After our wedding, Dario (my new husband) and I went for a short “mini-moon” in Shepherdstown, WV. We stayed for three nights at this beautiful German-style hotel called the Bavarian Inn. The Inn sits right on the Potomac river in quiet little Shepherdstown and offers beautiful views and authentic German cuisine.

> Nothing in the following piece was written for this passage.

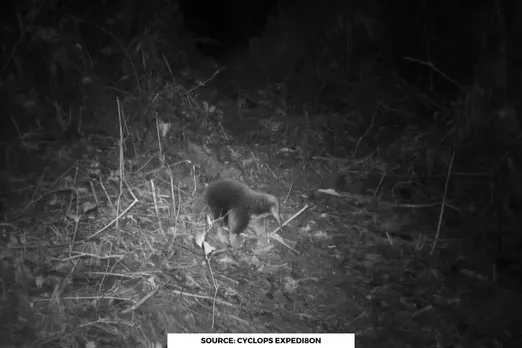Endangered echidna not seen in 60 years caught on camera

One of the evenings we were there, we made reservations at the Inn’s restaurant. We had heard so many wonderful things about the food – especially the fall game festival! As a foodie, getting the chance to sample some authentic German food was an exciting an opportunity! And although German food typically has an emphasis on meat-heavy dishes, I figured it was a rare chance to taste some unique foods. So for the night, I gave up my usual vegetarian lifestyle and opted in for some delicious German delicacies!
In addition to starting the meal with a nice bottle of German wine, we decided to split an appetizer, Schwarzwaelder Kaese Spaetzle. Yea that’s a hard one to pronounce – don’t ask me how to say it! Basically, its spaetzle (those little pasta like dumplings) tossed with ham, asparagus and browned butter and topped with a generous sprinkling of Gruyere cheese. It was incredibly buttery and cheesey and delicious! After a phenomenally prepared Caesar salad, I had Wiener Schnitzel – Classic Vienna veal cutlet lightly breaded and served with red cabbage and spaetzle. The veal was so tender and the crust was light and crunchy. Of course another serving of spaetzle was just as delicious as the first. As for the red cabbage I was a bit nervous about trying it. I feel like it’s always been one of those side dishes every kid dreads at dinner. But after a reluctant first bite…I realized it was amazing! Sweet, tangy and a bit sour it was a wonderful acidic counterpart to the butter and oil on the schnitzel and spaetzle.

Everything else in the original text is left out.